I remember that one of the arguments that the noble Lord, Lord Deben, often uses with regard to climate change is around insurance: this is our insurance policy—another noble Lord used that phrase. For me, another truism is that one of the first responsibilities of government is the security of the nation; its number one objective is to keep our nation secure. We often think of that in terms of defence or 2% of GDP—all those areas which are particularly important during these years of the Ukraine war. In fact, this is the most challenging part of our national security, because if we do not get adaptation right our nation will be inundated, period. That is what will happen. That is why, as was mentioned, if we stretch the Prime Minister’s five objectives out beyond the next general election, adaptation should actually be number 1, 2 or 3. It needs to be there—it is a fundamental part of government responsibility.
I think sometimes that the Minister thinks I am overcritical of the Government—he is denying it, of course, over there. It has to be recognised that this is not an easy area for government policy, for taxpayers or for people. Adaptation is not one of those issues where, potentially, we can show an immediate benefit in cost, as we can for renewable energy and EVs. There are lots of ways we could do it, and we could get the private sector to be part of it, such as changing the specifications of our homes and our buildings, with solar energy in warehouses and industrial and commercial buildings. However, there is real cost here. Perhaps the person who most needs to be here is the Treasury spokesman, because the issue is around having to put real resources into changing and improving the situation. It is a difficult area in government policy but it is one that we have to do.

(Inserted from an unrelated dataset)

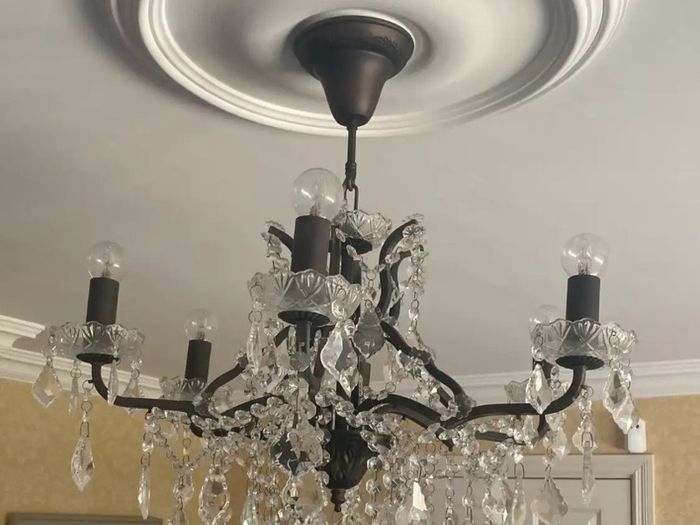 Ceiling chandelier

We have all those vulnerabilities that noble Lords have mentioned, such as in health, as spoken to by the noble Lord, Lord Kakkar, and my noble friend Lady Walmsley, and around food systems and nature. I have to tell the noble Earl, Lord Devon, the good news: IFCA tells me that, the more it looks at the seabed, the more seagrass it sees. The amount might be going down but we are discovering more, which is a good thing.
I will not take up all my 10 minutes because so much has been said already. I want to come back to two questions, one of which was raised by the noble Lord, Lord Krebs. When will the Government’s climate resilience board meet and who will be on it? Will it concentrate on nature-based solutions and adaptation? The phrase has become a bit of a cliché but it is one that can really work, and work across the terrestrial-marine border. Will the Government take that positively?
I want to come back to that one issue of mine: that the Government’s responsibility is the security of this nation. The most important medium-term way that that is challenged is through climate change, rising ocean height and all the events that we see. It is so important, as the noble Lord, Lord Krebs, said, that the Government take adaptation much more seriously than they have done so far.
My Lords, I welcome the noble Earl, Lord Russell, to his place, It was an excellent maiden speech and I look forward to working with him in the coming years. I also congratulate the noble Lord, Lord Krebs, on securing such a timely debate.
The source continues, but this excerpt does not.